Eduardo Zapata
Decencia
Imprescindible en la gestión pública

La inteligente educadora argentina Emilia Ferreiro solía decir que no puede ser objeto escolar aquello que previamente no es un objeto social valorado y apreciado. El fracaso en las escuelas de diferentes campañas bien intencionadas, destinadas a la promoción de valores, no constituye un acaso. Los exiguos logros alcanzados por las instituciones dedicadas a la prevención del consumo de drogas tampoco.
Y a pesar de esta afirmación, persistimos en hacer de nuestras calles y ciudades una negación —dramáticamente ejemplar— de todo aquello que la bien intencionada escuela proclama. La escuela de la calle –con sus amplificadores mediáticos, que rinden casi siempre culto a los mismos valores— nos enseña la inexistencia de valores básicos para la convivencia civilizada: propiedad, trabajo, producción y productividad, así como del valor del dinero entendido como mecanismo de intercambio por un servicio o bien ofrecido. Demás está decir que el valor de la libertad, debidamente entendida, también está ausente.
No hagamos más malabarismo verbal o matemático ni nos empeñemos en multiplicar sesudos diagnósticos. Por lo demás, y casi siempre, estos son formulados por quienes ya tuvieron la responsabilidad de hacer frente a la crisis. La ciudadanía exige acciones. Mientras tanto, la ciudad sigue siendo el reino del antivalor. Y, admitámoslo, es la escuela auténtica de niños, adolescentes y aun adultos.
El trazo urbano mismo, el respeto por la estética y el medio ambiente, la viabilidad funcional del transporte, el imperio visible de la autoridad, educan. Y deberían empezar por educar que el “otro” existe; que ese otro es una propiedad. Ojalá los políticos entiendan que una de las primeras reformas de Estado —sí, de Estado— es convertir las calles y ciudades en escuelas de civilización. La seguridad exige planes concretos y efectivos, pero entendiendo que en esa seguridad no solo está en juego la oposición vida/muerte, sino el ofrecimiento de un espacio para que prosperen y se interioricen valores sin los cuales ningún grupo social puede ser civilizadamente sostenible.
Menos discursos, menos visiones estratégicas, menos estadísticas, menos —a veces— fantasiosas juntas vecinales.

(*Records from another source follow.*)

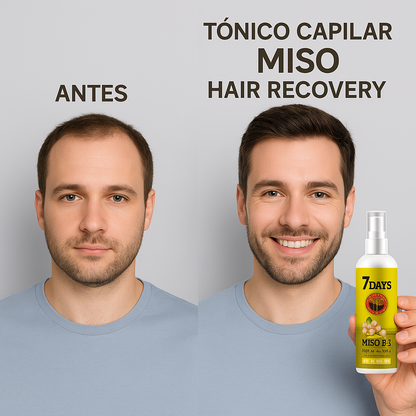 Miso Tónico capilar 2X1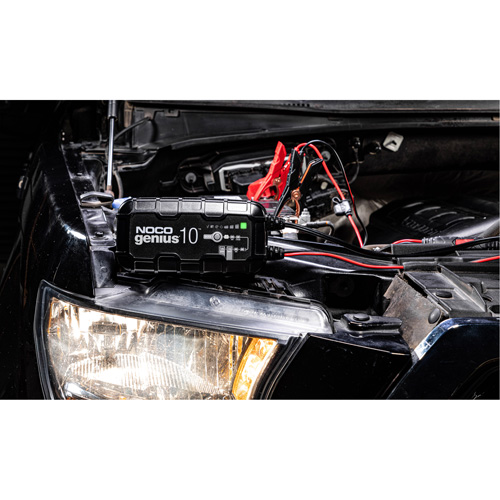Chargeur de batterie 10 A Genius 10 Kelford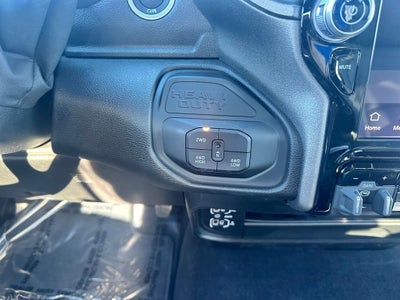 2026 RAM Ram 2500 RAM 2500 TRADESMAN REGULAR CAB 4X4 8' BOX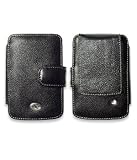 EIXO luxury leather case BiColor for Airis 509 GPS Book Style, Bookstyle, bi color, leather bag, leather sleeves, PDA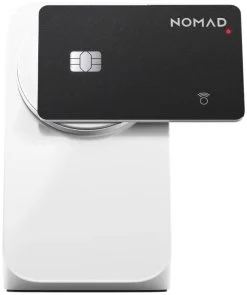 Фото: Пошукова мітка Nomad Tracking Card Pro Black (NM011109858) № 4 | KTC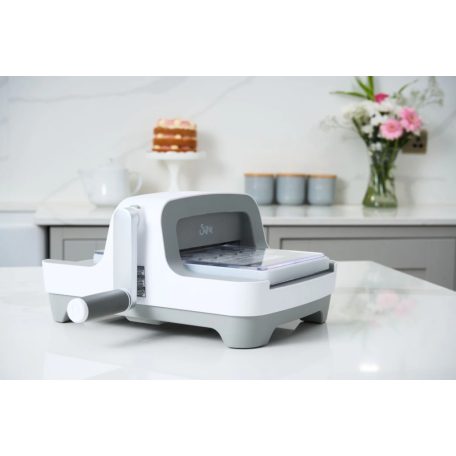 Sizzix  Sizzix Big Shot Vágó- és Domborítógép Big Shot Machine Starter Kit (1 db)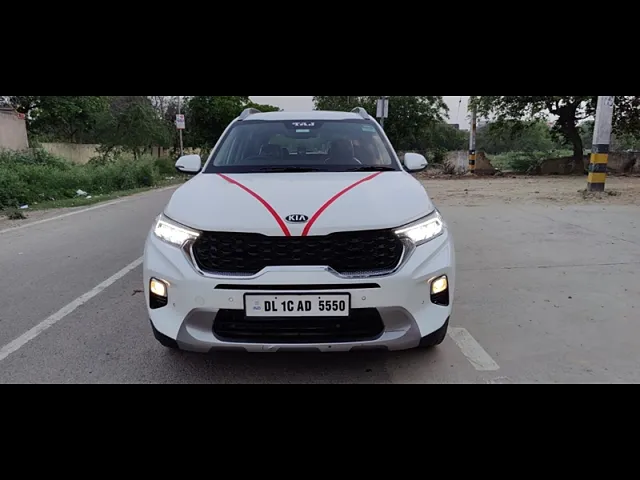 Used 2020 Kia Sonet in Delhi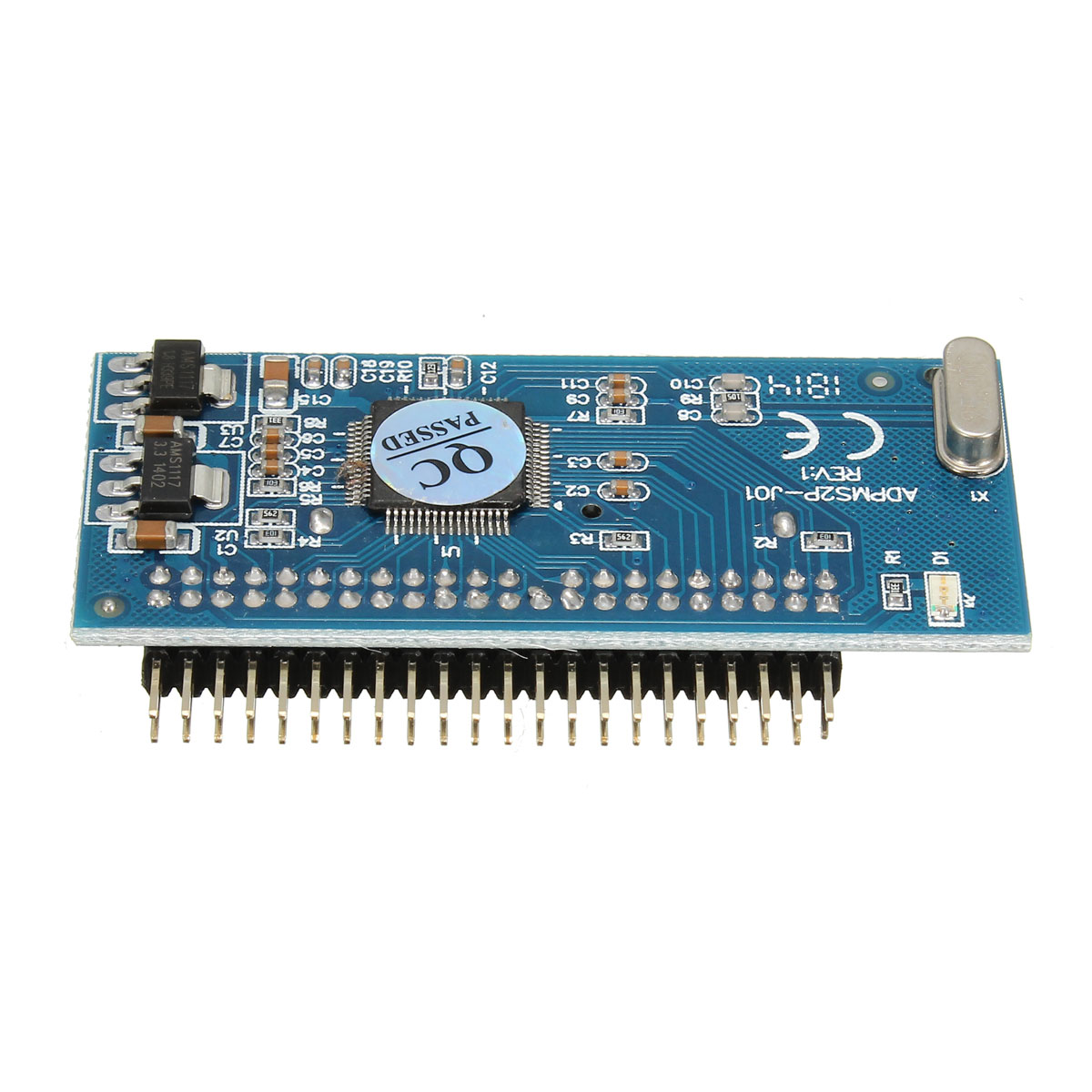 Find 1 8 Micro SATA 16 Pin Female To IDE 44 Pin PCB Adapter Hard Drive Converter for Sale on Gipsybee.com with cryptocurrencies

Más autoridad legítimamente establecida y firmemente ejercida. ¿Se ponen de acuerdo los movimientos y partidos en esto —que sí se llama decencia y calidad de vida— y nos dejamos de fariseísmos oportunistas y conmiseraciones a los excluidos (e incluidos) del sistema?
“Decente” es una voz de origen latino que significa honesto, justo, debido. No agota su significado, entonces, en ser un término antinómico a corrupto. Menos en una sociedad donde una persona corrupta —por razones sociales— puede aun ser considerada como “decente”. Decencia en las propuestas y en la gestión. El o los corruptos, digámoslo claramente, a la cárcel. Aunque socialmente sean “decentes”.
Señor Alcalde Jorge Muñoz: a pesar de las dificultades presupuestales de la ciudad, asuma la responsabilidad de la educación en su gestión.